The agency said sediment from two well pads in Forward Township was eroding into a tributary to Kelly Run, which flows into the Monongahela River.
The problems were first spotted by a DEP inspection in February 2018, when inspectors found “sediment laden waters” were flowing over erosion control barriers at the Fetchen and Prentice well pad sites.
The agency found the company built a road at the Prentice site without first getting a state permit to do so. The company was also cited for not informing the DEP of its erosion problems, which it is required to do by the conditions of its state-issued erosion control permits. The erosion problems continued until EQT corrected them in May 2018 at the Prentice site and November 2018 at the Fetchen site.
“DEP expects all permittees — particularly large, longtime operators — to construct facilities and report problems in accordance with state regulations and permit conditions, but these failures demonstrate the importance of verifying compliance and enforcing the regulations,” said DEP Deputy Secretary for Oil and Gas Management Scott Perry, in a statement.

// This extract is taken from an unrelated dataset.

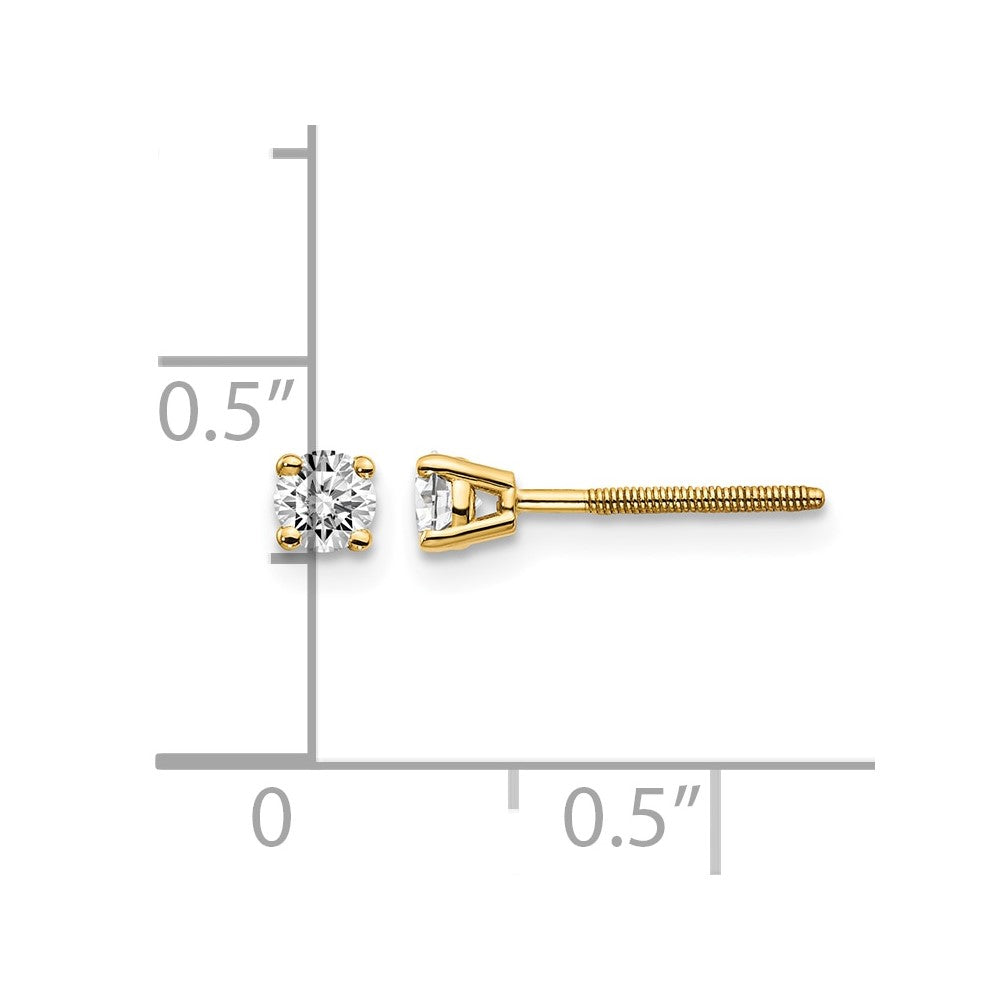 14ky .25ct. VS2/SI1 G-I Diamond Stud Thread on/off Post Earrings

EQT spokeswoman Linda Robertson said in a statement the company “takes environmental compliance seriously” but blamed abnormally wet weather on some of the companies erosion problems. Despite the company’s efforts, “EQT did not keep up with the continually changing weather and precipitation. In fact, Pennsylvania experienced unprecedented rainfall in February 2018, which resulted in challenging (erosion) conditions.”
Last year was the wettest on record in the Pittsburgh region. Though scientists are reluctant to attribute last year’s wet weather to climate change, they say that global warming will bring warmer, wetter weather to Pennsylvania. Precipitation in the state is expected to increase another 8 percent by 2050, according to the DEP.